- [Work required] Set out exactly, line by line, the stretch of data below that begins at the line containing "Forest animals app" and ends at the line containing "Men's 925 Sterling", with both ends kept.

- [Source records]
>>>>>

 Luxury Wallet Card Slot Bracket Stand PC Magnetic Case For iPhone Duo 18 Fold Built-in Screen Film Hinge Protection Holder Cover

<<<<<
>>>>>

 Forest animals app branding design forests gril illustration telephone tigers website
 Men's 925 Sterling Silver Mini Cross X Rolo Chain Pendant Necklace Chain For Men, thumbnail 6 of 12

<<<<<
>>>>>

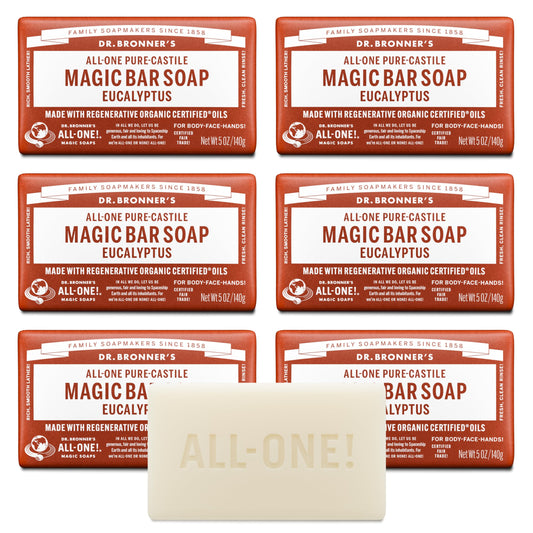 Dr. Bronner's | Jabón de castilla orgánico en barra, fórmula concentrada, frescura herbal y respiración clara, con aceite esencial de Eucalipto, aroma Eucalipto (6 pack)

<<<<<

- [Result]
 Forest animals app branding design forests gril illustration telephone tigers website
 Men's 925 Sterling Silver Mini Cross X Rolo Chain Pendant Necklace Chain For Men, thumbnail 6 of 12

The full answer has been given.